* [Assignment]: Every line of the material is to be set down again without any change.
(Beginning of Records for the task)
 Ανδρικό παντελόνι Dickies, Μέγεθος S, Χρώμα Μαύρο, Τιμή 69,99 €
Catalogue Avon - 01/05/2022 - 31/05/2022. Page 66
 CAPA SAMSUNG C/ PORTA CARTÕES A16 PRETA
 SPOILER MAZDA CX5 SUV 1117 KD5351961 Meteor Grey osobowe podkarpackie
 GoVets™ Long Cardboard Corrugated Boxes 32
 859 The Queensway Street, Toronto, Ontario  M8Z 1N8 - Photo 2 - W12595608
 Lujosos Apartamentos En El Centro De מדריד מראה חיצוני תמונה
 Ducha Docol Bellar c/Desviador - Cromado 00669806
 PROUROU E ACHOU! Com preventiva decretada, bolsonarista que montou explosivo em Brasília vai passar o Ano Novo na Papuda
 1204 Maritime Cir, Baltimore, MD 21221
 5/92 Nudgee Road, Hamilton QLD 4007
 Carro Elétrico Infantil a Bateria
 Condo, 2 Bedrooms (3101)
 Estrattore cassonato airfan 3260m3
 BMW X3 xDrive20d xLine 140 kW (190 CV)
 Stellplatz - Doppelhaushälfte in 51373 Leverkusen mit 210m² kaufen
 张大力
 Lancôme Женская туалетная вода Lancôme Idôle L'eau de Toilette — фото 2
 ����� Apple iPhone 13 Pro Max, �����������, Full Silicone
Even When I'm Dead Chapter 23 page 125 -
(End of Records for the task)
* [Result for this exercise]:
 Ανδρικό παντελόνι Dickies, Μέγεθος S, Χρώμα Μαύρο, Τιμή 69,99 €
Catalogue Avon - 01/05/2022 - 31/05/2022. Page 66
 CAPA SAMSUNG C/ PORTA CARTÕES A16 PRETA
 SPOILER MAZDA CX5 SUV 1117 KD5351961 Meteor Grey osobowe podkarpackie
 GoVets™ Long Cardboard Corrugated Boxes 32
 859 The Queensway Street, Toronto, Ontario  M8Z 1N8 - Photo 2 - W12595608
 Lujosos Apartamentos En El Centro De מדריד מראה חיצוני תמונה
 Ducha Docol Bellar c/Desviador - Cromado 00669806
 PROUROU E ACHOU! Com preventiva decretada, bolsonarista que montou explosivo em Brasília vai passar o Ano Novo na Papuda
 1204 Maritime Cir, Baltimore, MD 21221
 5/92 Nudgee Road, Hamilton QLD 4007
 Carro Elétrico Infantil a Bateria
 Condo, 2 Bedrooms (3101)
 Estrattore cassonato airfan 3260m3
 BMW X3 xDrive20d xLine 140 kW (190 CV)
 Stellplatz - Doppelhaushälfte in 51373 Leverkusen mit 210m² kaufen
 张大力
 Lancôme Женская туалетная вода Lancôme Idôle L'eau de Toilette — фото 2
 ����� Apple iPhone 13 Pro Max, �����������, Full Silicone
Even When I'm Dead Chapter 23 page 125 -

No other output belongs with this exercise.